Firmemente convencido de que había sido designado por Dios para restaurar la pureza de la fe de Abraham y Moisés, una fe resquebrajada al caer de nuevo pueblos enteros en la idolatría, Mahoma se propuso difundir la palabra divina y restablecer el culto a un único Dios. Para ello, utilizó primero el convencimiento, y luego, si este no daba los frutos apetecidos, la espada. Fue pues, profeta y guerrero, y si al principio la mayor parte de sus conciudadanos, incluso de sus parientes, lo consideraban poco menos que un farsante, y se mofaban de él o lo perseguían, lo cierto es que años después había conseguido unificar a multitud de tribus bajo la bandera del Islam y su poder se había vuelto invencible.

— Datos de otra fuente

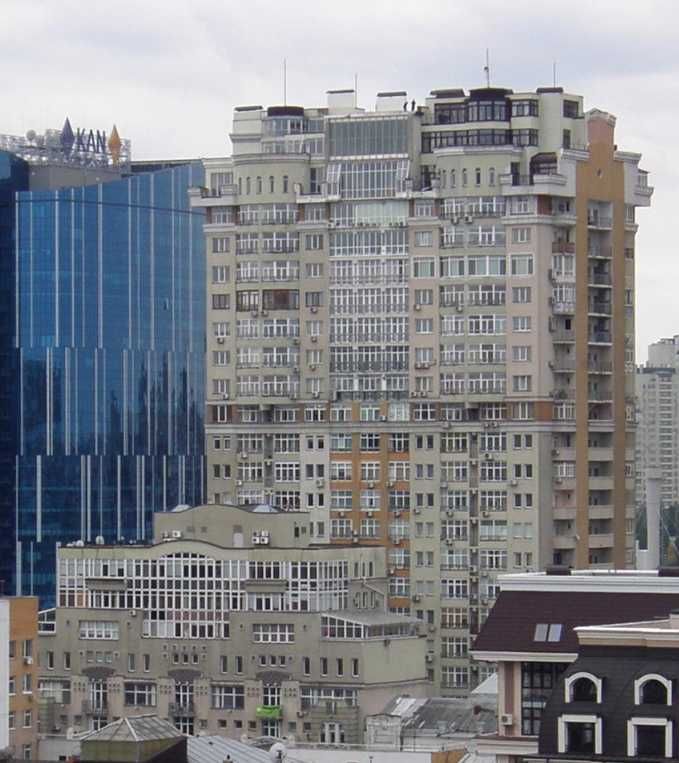 2/3-кім. 68кв.м центр ЖК"Botanic Towers"вул.Саксаганського 121, ремонт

Poseedor de una capacidad intelectual extraordinaria, sencillo en su vida personal, tan cruel como generoso, Mahoma reconocía su debilidad por los perfumes y las mujeres, algo que no le restaba espiritualidad, pues él mismo repetía que era solo un hombre, incapaz de otro milagro que no fuera recoger la palabra de Dios en el Corán.
Para los no creyentes en el Islam, Mahoma no es más que un alucinado fanático consagrado a una causa que creía ordenada por Dios; para los musulmanes es e portador de la palabra divina, el último profeta y el creador de la nación árabe. Su vida fue una amalgama de amor y batallas, de espiritualidad y búsqueda del poder terrenal, de realidad y delirio, de devoción piadosa, venganzas y traiciones.